Observability

Every attempt is observable. Wire the onAttempt hook into your existing tracing stack — no new dependencies, no adapters.

The onAttempt hook

Called after every attempt — pass or fail. Gives you structured data about what happened, what category of failure it was, and what specific issues were found.

enforce(schema, runFn, {
  onAttempt: (event) => {
    console.log(`Attempt ${event.number}: ${event.ok ? "pass" : "fail"}`);

    if (!event.ok) {
      console.log(`  Category: ${event.category}`);
      console.log(`  Issues: ${event.issues.join(", ")}`);
      console.log(`  Duration: ${event.durationMS}ms`);
    }
  },
});

AttemptEvent fields

Field Type Description
okbooleanWhether this attempt passed validation
numbernumberAttempt number (1-indexed)
categoryFailureCategory | undefinedFailure type (undefined on success)
issuesstring[]Specific violation messages
durationMSnumberHow long this attempt took

Built-in failure categories

Every failed attempt is classified into one of 8 categories. Each gets a targeted repair message — not generic "try again."

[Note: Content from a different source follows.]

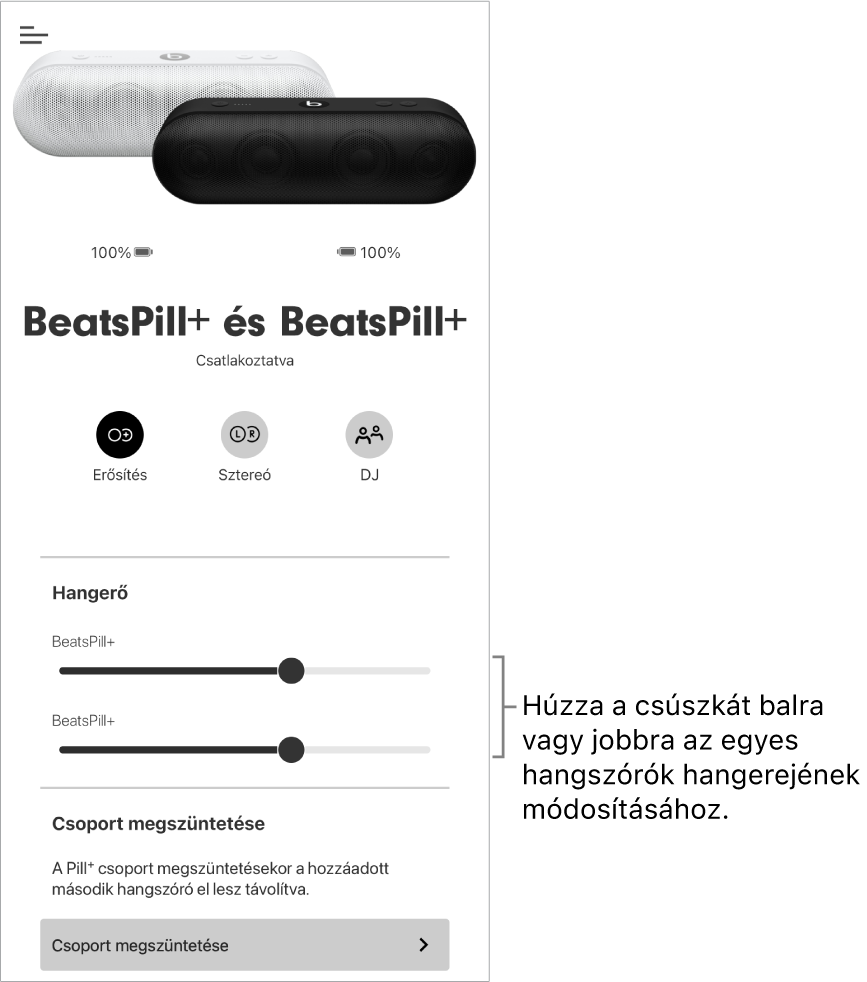 A Beats app képernyője Erősítés módban két hangszóró hangerő-szabályozóival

Category What happened Default repair
EMPTY_RESPONSEModel returned nothingAsk for JSON matching the schema
REFUSALModel declined the taskRedirect to structured data task
NO_JSONNo JSON found in responseAsk for JSON only, no prose
TRUNCATEDJSON cut off mid-responseAsk for shorter, complete response
PARSE_ERRORMalformed JSONAsk for strictly valid JSON
VALIDATION_ERRORValid JSON, failed schemaList specific Zod errors
INVARIANT_ERRORCorrect types, failed constraintsList specific violations
RUN_ERRORFunction threw an exceptionAsk to try again

Custom repair overrides

Override the repair message for any category, or disable retry entirely by passing false.

enforce(schema, run, {
  repairs: {
    REFUSAL: (detail) => [{
      role: "user",
      content: "This is an approved data extraction task. Return the JSON.",
    }],
    TRUNCATED: false, // stop immediately, don't retry
  },
});

Langfuse

Trace each enforce call and every attempt as a Langfuse observation. See which invariants fire, how often, and whether prompt changes reduce them.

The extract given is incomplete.